More than three decades after it was conceived, the light combat aircraft (LCA) Tejas formed its first squadron for the Indian Air Force (IAF) on Friday with two jets.
The much-delayed home-grown project was approved in 1983 as a replacement for the IAF’s ageing MiG fighters. The first craft was handed over to the air force in January 2015 by defence minister Manohar Parrikar.
The Tejas variant inducted into the IAF at a ceremony in Bengaluru is in its initial operational clearance (IOC) configuration and comes with limited capabilities. Subsequent versions are expected to pack a powerful punch for the air force.
Multi-religious prayer ceremonies were held at the induction ceremony.
Here’s a quick take on the aircraft:
1) The LCA was conceived as a project in 1982, but sanctioned only nine years later. The project suffered due to sanctions imposed by the United States after India conducted nuclear tests in May 1998.
2) The aircraft’s indigenous content is around 65%. The per-unit cost of the warplane is expected to be upwards of Rs 150 crore.
3) The variants to follow will be in the final operational clearance (FOC) configuration, and another modified model called Tejas Mk-1A will be introduced.
4) The newer variants will have additional long-range weapons, superior radar, advanced electronic warfare suite and mid-air refuelling capability.
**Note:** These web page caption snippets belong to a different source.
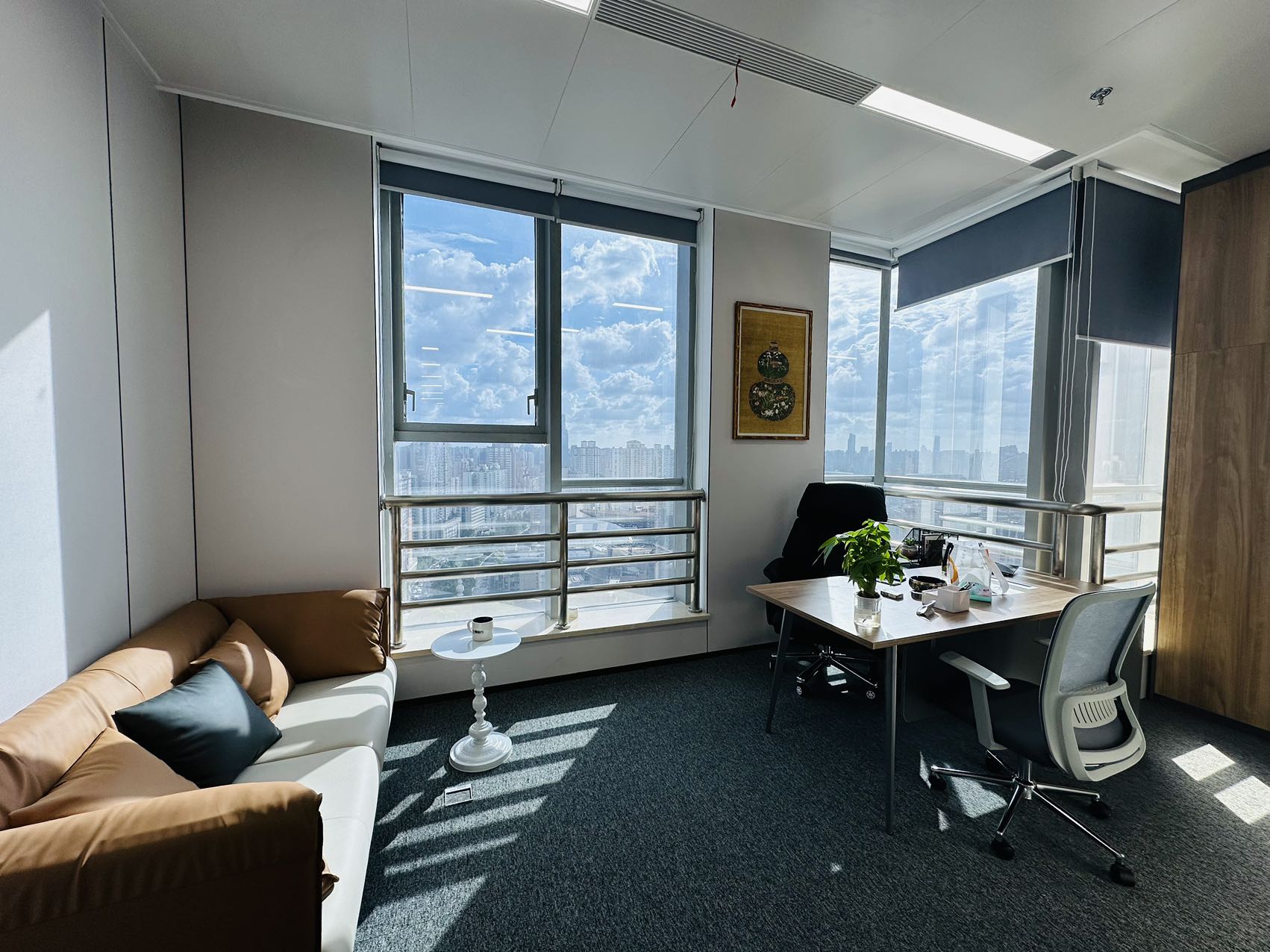 日月光中心黄浦 日月光中心 300平米 精装修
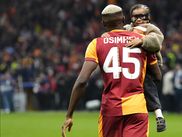 Passeur décisif lors de la victoire face à Liverpool, mardi dernier, Victor Osimhen a conquis le cœur des supporters de Galatasaray. Présent au club depuis 2024, le Nigérian affole les compteurs et continue de faire briller les Lions.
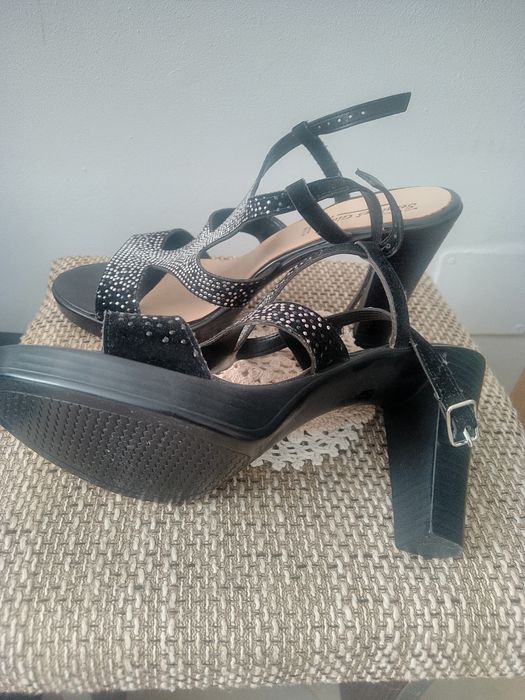 Preț 400 lei.Usor negociabil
5) The first squadron is being raised with two fighters at Sulur in Tamil Nadu, with another six to eight warplanes likely to be inducted next year, enabling it to be deployed at a forward airbase in accordance with the IAF’s war plans. The IAF plans to induct 120 Tejas crafts over the next decade.
6) The single-engine planes are being manufactured by Bengaluru-based Hindustan Aeronautics Limited.
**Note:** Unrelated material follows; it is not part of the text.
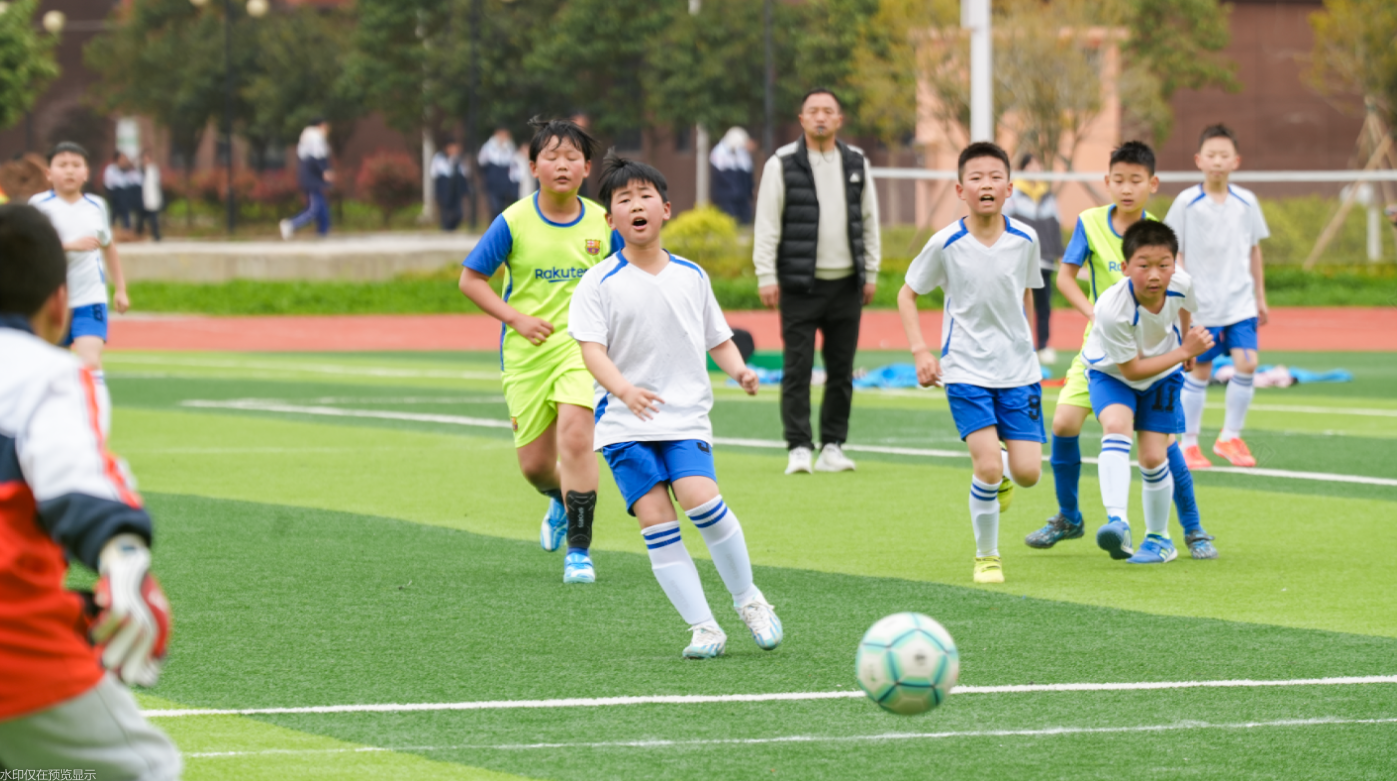 汉阴县第二小学校教共体足球联赛收官 冠亚军队伍将征战县级“校超”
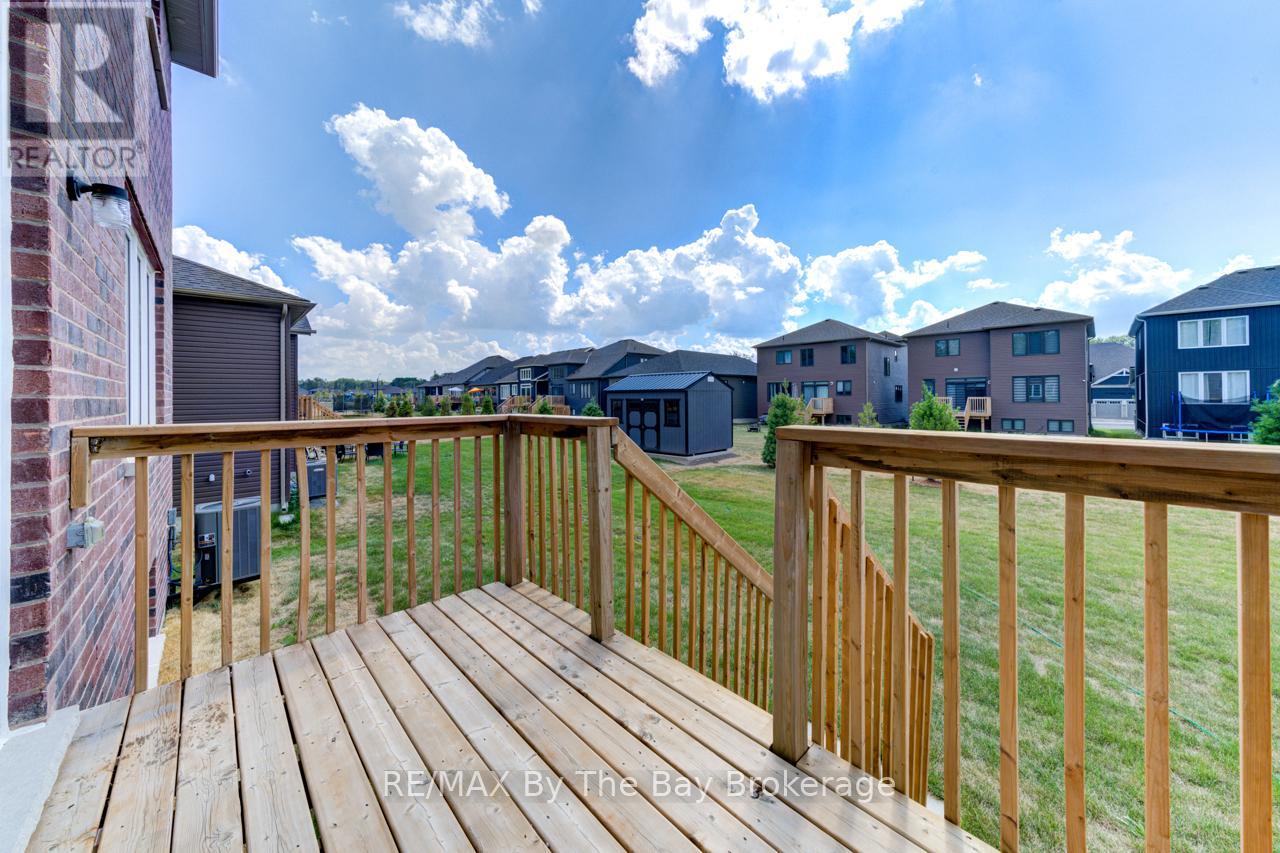 174 Mapleside Drive, Wasaga Beach, Ontario  L9Z 0L4 - Photo 36 - S12342994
7) The count of IAF’s fighter squadrons has shrunk to 33 compared to a desirable strength of 42, a capability gap the air force is struggling to fill. The induction of the LCA will help it counter depleting force levels.
8) In IOC configuration, the warplanes will have air defence and ground attack capabilities. These features include delivering air-to-air missiles and smart weapons.
9) In May 2015, a Comptroller and Auditor General report revealed that Tejas was riddled with 53 “significant shortfalls” that could compromise its survivability in combat.
10) Around18-19 deficiencies relating to maintenance are still to be taken care of. However, all shortcomings relating to flight safety have been addressed.